### [Given records]

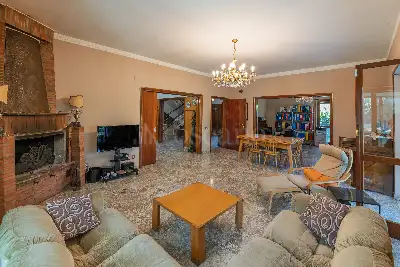 Villa Bifamiliare in vendita, Viale dell'Esperanto, Roma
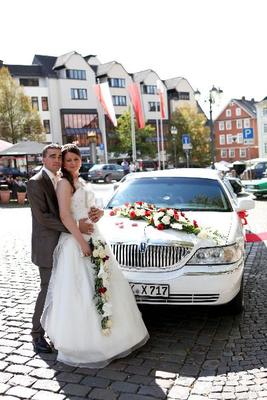 Limousinen mieten & vermieten - Hochzeitspaket in einer Stretchlimousine in Aßlar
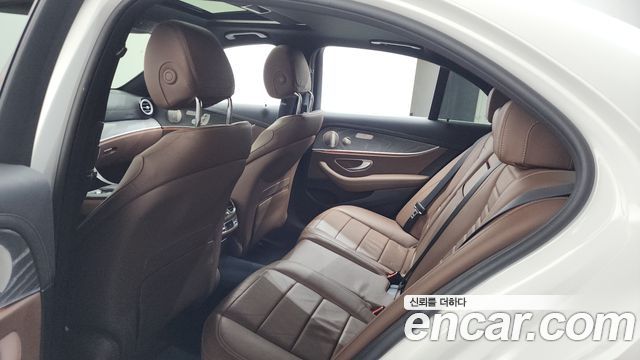 Mercedes-Benz E-Class (W213) E350 4MATIC Avantgarde 2022 — фото 20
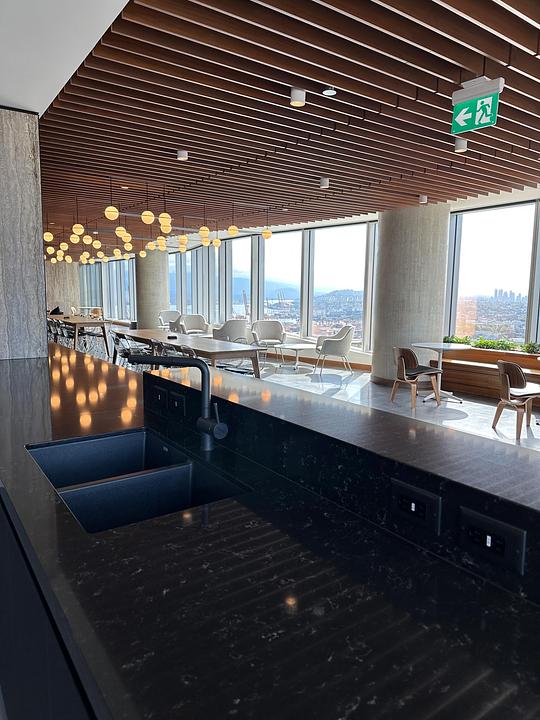 890 - 320 Granville Street, Vancouver, BC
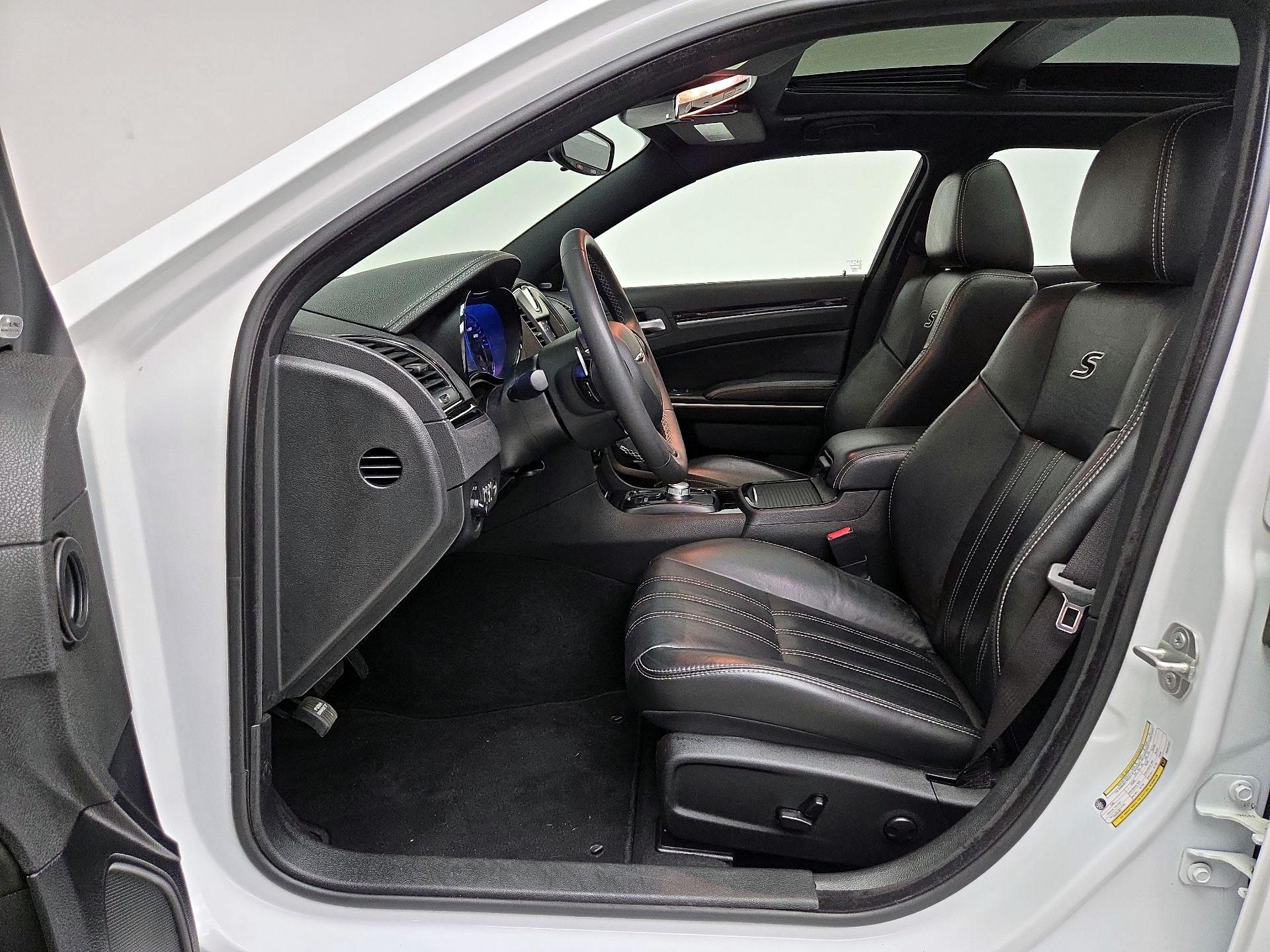 Thumbnail: 2023 Chrysler 300 - 11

### [What the task asks]
Starting with the line that contains "890 - 320 Granville Street, Vancouver, BC", reproduce every line down to the end of the listing above, both endpoints included. Pictures stay out.

### [Output for this exercise]
 890 - 320 Granville Street, Vancouver, BC
 Thumbnail: 2023 Chrysler 300 - 11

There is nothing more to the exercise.